A man sentenced to life imprisonment for involvement in the murder of four Jews in a French synagogue bombing is teaching a “social justice” course at a Canadian university.

Dr Hassan Diab, a Lebanese-Canadian citizen, was found guilty by a French court for taking part in the 1980 bombing outside the Rue Copernic Reform synagogue in Paris, which killed four people and injured 46.

He is employed at Carleton University, in Ottawa, Canada, as a teacher in sociology and is delivering a class this autumn titled “Social Justice in Action”.

The sociology course will cover “the dynamic relationship between institutionalised legal power (police, court, surveillance, prison, etc.) and miscarriages of justice in society”.

The 70-year-old was first arrested in 2008 by Canada's RCMP and placed under strict bail conditions.
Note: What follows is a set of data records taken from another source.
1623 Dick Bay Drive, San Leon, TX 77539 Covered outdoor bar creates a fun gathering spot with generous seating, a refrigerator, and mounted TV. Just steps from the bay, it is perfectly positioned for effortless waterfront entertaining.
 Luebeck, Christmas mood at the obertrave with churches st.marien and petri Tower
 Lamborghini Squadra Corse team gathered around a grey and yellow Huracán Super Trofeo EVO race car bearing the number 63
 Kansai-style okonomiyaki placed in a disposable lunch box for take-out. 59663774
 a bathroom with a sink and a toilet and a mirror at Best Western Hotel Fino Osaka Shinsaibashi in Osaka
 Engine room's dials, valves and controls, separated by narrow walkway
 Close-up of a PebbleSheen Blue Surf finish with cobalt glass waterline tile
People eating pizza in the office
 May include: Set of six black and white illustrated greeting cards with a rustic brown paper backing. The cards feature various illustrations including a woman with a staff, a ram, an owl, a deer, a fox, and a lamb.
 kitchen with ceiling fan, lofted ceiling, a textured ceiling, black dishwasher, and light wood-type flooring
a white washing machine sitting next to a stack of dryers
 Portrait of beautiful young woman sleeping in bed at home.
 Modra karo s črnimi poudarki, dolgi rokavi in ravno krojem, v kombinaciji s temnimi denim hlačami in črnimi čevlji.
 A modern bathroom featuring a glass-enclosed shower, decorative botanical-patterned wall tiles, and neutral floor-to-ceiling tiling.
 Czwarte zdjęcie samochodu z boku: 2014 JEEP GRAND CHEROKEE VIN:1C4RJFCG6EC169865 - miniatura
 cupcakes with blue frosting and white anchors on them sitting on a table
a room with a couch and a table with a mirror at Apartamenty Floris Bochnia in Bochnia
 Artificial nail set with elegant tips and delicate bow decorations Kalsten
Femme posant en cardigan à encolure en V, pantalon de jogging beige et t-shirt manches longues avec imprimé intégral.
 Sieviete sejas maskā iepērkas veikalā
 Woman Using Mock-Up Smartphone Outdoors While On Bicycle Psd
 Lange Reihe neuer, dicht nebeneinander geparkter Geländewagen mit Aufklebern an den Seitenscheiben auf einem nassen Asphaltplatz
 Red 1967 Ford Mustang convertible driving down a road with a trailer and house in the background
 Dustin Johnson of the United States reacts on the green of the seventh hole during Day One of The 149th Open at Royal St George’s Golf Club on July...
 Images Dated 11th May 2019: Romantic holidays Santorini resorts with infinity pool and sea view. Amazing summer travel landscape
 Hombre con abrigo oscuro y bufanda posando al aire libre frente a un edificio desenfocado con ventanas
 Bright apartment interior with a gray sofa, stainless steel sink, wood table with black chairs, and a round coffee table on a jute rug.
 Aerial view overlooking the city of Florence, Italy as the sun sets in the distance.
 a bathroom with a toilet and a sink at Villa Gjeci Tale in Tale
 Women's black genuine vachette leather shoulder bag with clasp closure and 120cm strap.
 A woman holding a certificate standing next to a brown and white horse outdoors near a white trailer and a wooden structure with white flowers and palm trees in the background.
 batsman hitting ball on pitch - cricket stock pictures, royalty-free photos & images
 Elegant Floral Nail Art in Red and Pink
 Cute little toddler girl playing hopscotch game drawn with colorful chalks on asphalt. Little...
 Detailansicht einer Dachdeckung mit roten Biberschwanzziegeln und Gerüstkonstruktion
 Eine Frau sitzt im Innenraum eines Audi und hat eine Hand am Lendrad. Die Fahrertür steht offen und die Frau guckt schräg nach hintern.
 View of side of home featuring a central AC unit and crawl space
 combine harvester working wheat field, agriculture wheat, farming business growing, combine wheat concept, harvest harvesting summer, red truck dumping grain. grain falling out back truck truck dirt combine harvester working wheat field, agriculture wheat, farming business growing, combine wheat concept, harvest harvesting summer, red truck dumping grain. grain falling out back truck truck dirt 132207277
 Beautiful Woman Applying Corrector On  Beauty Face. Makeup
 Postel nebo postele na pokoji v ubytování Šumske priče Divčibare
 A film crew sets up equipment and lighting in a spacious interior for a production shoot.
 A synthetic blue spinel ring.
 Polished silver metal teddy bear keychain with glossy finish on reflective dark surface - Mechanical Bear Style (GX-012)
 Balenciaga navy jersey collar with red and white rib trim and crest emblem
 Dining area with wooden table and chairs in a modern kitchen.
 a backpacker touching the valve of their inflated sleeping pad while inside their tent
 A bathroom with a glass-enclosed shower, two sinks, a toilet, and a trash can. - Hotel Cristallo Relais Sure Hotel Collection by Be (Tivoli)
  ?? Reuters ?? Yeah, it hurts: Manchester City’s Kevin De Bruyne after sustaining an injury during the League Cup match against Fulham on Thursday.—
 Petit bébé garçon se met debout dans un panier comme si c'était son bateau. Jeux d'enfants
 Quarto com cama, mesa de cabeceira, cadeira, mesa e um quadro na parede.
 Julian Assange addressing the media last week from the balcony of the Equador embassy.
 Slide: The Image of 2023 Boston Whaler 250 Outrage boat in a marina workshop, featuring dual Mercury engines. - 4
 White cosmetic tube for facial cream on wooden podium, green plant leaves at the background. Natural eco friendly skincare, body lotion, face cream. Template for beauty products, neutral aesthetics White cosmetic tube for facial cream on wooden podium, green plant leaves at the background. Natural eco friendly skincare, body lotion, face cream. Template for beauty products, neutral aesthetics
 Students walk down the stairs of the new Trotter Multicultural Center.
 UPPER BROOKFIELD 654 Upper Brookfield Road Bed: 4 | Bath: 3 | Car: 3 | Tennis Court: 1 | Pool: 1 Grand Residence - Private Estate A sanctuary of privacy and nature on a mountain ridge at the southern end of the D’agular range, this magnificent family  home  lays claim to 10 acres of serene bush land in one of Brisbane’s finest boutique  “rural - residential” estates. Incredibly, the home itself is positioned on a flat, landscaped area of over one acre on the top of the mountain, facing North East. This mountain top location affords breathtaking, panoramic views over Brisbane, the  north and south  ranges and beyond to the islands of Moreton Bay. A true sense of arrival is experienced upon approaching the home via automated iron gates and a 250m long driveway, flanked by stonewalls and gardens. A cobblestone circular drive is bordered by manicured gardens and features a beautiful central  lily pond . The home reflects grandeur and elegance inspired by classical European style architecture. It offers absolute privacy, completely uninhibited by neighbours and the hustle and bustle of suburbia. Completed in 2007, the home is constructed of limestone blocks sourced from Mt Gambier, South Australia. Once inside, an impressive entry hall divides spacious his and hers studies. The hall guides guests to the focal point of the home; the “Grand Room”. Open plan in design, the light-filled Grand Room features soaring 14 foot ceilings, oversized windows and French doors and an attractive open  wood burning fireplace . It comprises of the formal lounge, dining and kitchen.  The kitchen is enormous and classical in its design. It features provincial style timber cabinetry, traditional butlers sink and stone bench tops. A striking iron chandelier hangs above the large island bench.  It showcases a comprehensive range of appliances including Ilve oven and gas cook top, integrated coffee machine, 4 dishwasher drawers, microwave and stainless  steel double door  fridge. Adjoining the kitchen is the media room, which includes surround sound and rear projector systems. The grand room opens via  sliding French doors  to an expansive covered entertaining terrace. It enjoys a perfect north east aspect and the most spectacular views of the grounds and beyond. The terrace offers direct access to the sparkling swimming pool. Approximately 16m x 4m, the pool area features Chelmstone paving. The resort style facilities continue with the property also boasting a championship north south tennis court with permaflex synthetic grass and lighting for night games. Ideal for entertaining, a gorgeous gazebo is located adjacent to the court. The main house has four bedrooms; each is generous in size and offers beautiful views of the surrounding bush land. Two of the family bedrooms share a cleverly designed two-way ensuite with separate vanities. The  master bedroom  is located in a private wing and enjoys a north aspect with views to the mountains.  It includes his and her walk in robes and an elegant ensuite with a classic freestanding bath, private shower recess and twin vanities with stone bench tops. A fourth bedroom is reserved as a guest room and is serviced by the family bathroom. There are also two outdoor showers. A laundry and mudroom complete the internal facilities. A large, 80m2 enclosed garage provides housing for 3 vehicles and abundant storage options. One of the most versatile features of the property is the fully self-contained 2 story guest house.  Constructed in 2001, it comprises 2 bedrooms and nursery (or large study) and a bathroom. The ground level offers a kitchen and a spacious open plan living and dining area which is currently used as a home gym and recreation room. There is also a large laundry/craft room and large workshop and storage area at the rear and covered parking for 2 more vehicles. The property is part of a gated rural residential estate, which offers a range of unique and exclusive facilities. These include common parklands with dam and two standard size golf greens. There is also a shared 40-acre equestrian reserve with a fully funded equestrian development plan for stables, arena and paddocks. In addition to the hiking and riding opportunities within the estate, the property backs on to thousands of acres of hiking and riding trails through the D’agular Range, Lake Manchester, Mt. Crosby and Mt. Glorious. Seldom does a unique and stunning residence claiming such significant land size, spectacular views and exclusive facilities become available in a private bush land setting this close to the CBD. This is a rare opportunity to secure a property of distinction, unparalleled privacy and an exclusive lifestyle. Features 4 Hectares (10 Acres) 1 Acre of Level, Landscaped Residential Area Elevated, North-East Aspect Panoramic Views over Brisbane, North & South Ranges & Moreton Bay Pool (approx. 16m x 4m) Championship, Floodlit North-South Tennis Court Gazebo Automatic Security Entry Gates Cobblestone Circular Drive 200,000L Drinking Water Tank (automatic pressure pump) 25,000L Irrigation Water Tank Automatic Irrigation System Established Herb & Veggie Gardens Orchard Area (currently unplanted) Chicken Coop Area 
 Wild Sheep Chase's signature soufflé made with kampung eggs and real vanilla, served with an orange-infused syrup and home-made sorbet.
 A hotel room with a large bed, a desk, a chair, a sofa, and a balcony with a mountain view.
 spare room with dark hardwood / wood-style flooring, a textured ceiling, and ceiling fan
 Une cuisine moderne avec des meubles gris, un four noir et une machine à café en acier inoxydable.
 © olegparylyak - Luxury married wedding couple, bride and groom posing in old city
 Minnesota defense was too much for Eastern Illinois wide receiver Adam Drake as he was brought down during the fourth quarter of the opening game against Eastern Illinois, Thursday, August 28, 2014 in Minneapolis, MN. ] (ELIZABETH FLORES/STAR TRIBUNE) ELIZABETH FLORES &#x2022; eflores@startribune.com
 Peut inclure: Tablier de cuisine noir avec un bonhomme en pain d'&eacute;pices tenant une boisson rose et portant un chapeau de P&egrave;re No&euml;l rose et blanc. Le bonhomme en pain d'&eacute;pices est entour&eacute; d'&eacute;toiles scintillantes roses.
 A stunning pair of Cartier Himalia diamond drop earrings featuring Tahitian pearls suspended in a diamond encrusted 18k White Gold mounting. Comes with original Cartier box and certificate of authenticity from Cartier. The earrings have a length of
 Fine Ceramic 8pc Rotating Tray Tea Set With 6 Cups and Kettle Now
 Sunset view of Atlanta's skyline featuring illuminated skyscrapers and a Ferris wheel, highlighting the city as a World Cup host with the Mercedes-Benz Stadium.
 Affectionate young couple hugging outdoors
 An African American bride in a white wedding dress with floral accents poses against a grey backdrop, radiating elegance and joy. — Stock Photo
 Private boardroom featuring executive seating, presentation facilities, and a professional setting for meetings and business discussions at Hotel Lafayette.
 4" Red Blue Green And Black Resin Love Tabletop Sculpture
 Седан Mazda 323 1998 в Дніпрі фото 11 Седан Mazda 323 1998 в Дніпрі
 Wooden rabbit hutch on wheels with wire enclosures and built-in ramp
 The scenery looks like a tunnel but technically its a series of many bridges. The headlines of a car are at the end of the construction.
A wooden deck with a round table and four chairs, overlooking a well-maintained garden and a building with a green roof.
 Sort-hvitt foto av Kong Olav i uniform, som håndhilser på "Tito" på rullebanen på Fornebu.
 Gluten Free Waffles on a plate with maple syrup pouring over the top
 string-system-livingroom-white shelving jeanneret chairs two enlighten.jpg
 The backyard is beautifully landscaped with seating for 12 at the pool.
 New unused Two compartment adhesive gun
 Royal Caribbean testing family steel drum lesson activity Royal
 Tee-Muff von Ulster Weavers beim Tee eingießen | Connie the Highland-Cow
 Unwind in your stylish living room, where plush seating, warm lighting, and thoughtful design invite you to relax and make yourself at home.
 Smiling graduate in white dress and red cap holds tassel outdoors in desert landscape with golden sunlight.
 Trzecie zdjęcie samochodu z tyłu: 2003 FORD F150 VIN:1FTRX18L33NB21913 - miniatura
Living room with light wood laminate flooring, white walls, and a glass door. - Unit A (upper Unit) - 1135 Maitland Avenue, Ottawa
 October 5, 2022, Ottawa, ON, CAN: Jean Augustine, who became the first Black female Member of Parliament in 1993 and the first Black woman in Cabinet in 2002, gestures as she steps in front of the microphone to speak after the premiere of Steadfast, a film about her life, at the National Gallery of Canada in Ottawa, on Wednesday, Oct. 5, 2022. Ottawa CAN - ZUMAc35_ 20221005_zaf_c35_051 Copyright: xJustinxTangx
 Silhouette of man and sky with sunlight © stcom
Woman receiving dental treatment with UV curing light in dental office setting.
He was extradited to France in 2014, but after three years in a maximum-security prison, his case was dropped.

The case was re-opened a few years later and in a French trial in 2023, Diab was sentenced in absentia to life imprisonment.

He was found guilty of planting the bomb on the evening of October 3, 1980, outside the Rue Copernic synagogue where 320 worshippers had gathered for Shabbat services.

Despite the conviction, Diab is still employed at Carleton University, where staff have previously rallied against his extradition.

The sons of one of the victims of the bombing, Aliza Shragir, an Israeli TV presenter, said the decision to hire Diab as a lecturer was "outrageous”.

In a statement, her sons said it was “outrageous that an academic institution that is supposed to promote values of equality and justice decided to employ a cold-blooded murderer, who was unanimously convicted in a court in France. Apparently carrying out a murderous terrorist act against a Jewish target does not go against the values of Carleton University.”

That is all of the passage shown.